*** Begin section ***

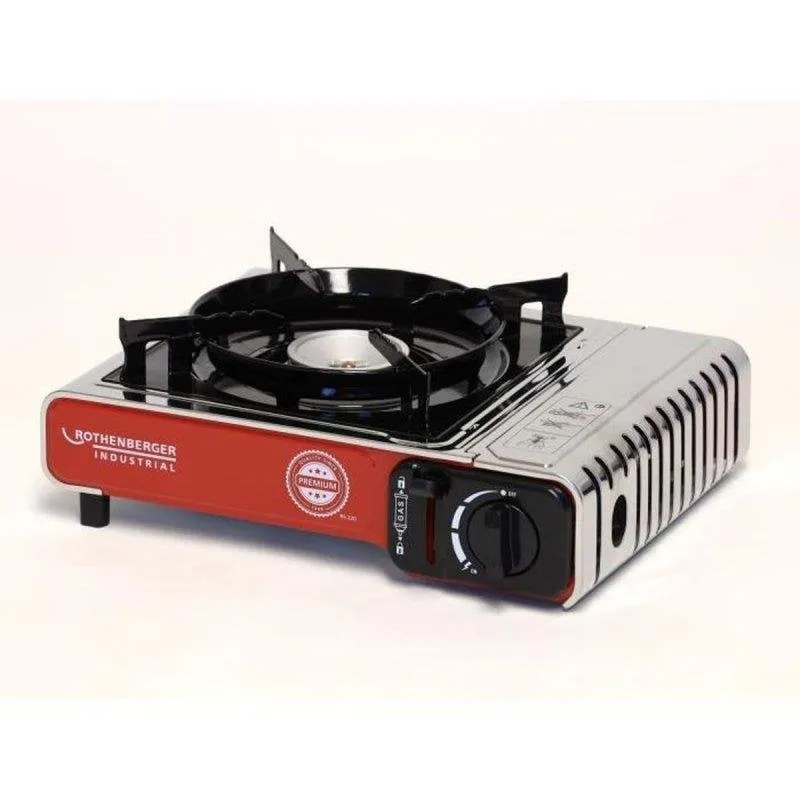 Bruciatore da Campeggio Rothenberger Premium RS 220 2200W Accensione Piezo - immagine 1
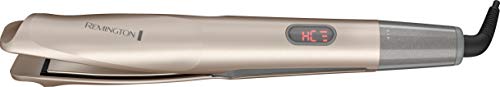 Lisseur multi-styler Remington Pro 1" avec technologie Twist &amp; Curl, fer à lisser et à friser en un seul outil, protection des couleurs, champagne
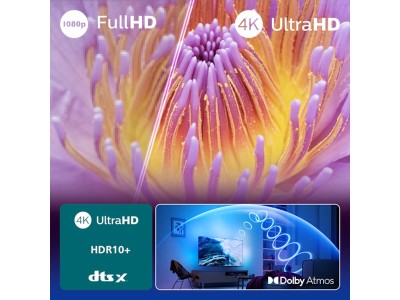 Philips 65" PUS8000/12 4K LED Smart Ambilight TV (2025) Ambilight, 4K, UHD, Titan OS, HDR, Dolby Atmos#4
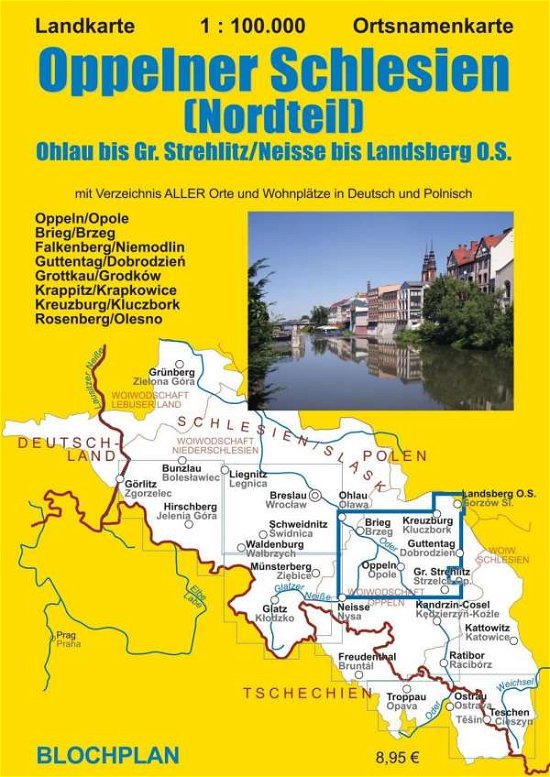 Cover for Bloch · Landkarte Oppelner Schlesien (Nor (Buch)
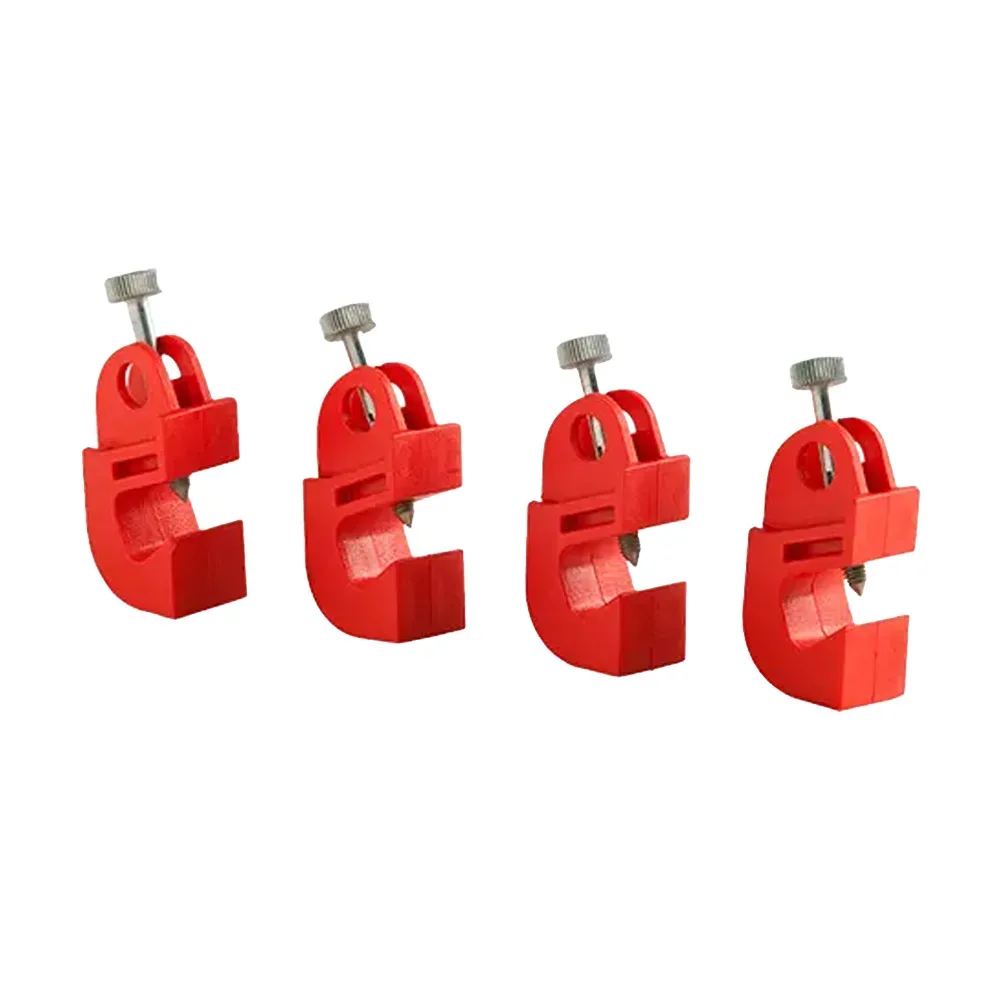 Kit Bloqueos de Breaker Eléctrico con Tuerca Ajustable (4 Unidades) Steelpro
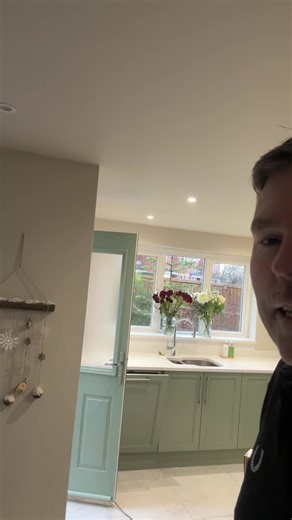 Just pop back to This kitchen to do two radiators and to swap a damaged door been a very busy day #Kitchen #Radiator #Plumbing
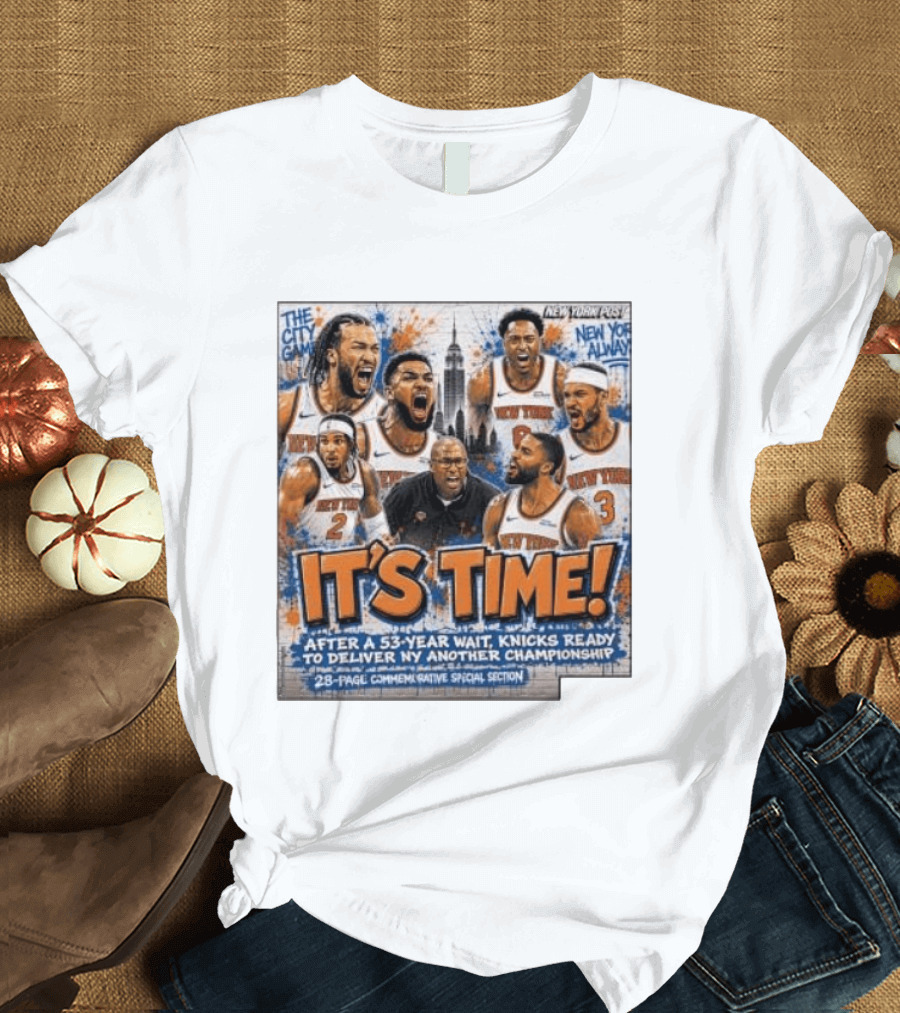 New York Knicks Time Championship Celebration City Game 53 Year Wait T-Shirt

*** End section ***

> **ACTION ITEM**
Repeat exactly the lines from the one containing "Kit Bloqueos de" to the last line of the records above, including both, and leave out any pictures.

> **SOLUTION**
 Kit Bloqueos de Breaker Eléctrico con Tuerca Ajustable (4 Unidades) Steelpro
 Just pop back to This kitchen to do two radiators and to swap a damaged door been a very busy day #Kitchen #Radiator #Plumbing
 New York Knicks Time Championship Celebration City Game 53 Year Wait T-Shirt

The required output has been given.